[Records contained in a dataset]
========

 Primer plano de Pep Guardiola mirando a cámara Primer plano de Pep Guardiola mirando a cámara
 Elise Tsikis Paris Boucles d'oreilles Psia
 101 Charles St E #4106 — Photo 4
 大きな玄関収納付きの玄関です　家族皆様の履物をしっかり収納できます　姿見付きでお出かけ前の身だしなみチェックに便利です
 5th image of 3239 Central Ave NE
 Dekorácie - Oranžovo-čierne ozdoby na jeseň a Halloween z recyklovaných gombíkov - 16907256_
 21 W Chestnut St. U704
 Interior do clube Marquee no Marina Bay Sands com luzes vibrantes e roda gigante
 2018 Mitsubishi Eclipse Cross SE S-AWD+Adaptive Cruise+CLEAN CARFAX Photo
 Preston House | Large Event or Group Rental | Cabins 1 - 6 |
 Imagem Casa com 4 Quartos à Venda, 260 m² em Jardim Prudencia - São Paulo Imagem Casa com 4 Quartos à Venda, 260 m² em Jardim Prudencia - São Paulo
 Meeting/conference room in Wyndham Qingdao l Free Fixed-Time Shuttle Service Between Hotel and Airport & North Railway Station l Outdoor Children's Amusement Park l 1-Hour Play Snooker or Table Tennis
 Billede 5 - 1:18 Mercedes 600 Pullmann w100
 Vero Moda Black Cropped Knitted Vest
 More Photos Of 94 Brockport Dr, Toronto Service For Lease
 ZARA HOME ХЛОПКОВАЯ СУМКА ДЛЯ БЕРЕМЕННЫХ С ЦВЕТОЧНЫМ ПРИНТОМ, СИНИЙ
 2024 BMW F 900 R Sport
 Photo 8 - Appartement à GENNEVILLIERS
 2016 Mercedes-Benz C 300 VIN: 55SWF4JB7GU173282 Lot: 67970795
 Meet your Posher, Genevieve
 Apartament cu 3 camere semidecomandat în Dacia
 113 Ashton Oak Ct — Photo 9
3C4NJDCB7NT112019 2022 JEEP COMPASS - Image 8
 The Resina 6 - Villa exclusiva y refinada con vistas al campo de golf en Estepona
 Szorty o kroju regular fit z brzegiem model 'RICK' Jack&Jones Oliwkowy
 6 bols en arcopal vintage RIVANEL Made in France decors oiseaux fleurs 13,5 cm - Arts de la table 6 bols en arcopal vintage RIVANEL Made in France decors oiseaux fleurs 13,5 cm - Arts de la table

========

* [TASK OBJECTIVE]: Every line in the data above that contains the word "Mercedes" should be copied.

* [SOLUTION FOR THIS EXERCISE]:
 Billede 5 - 1:18 Mercedes 600 Pullmann w100
 2016 Mercedes-Benz C 300 VIN: 55SWF4JB7GU173282 Lot: 67970795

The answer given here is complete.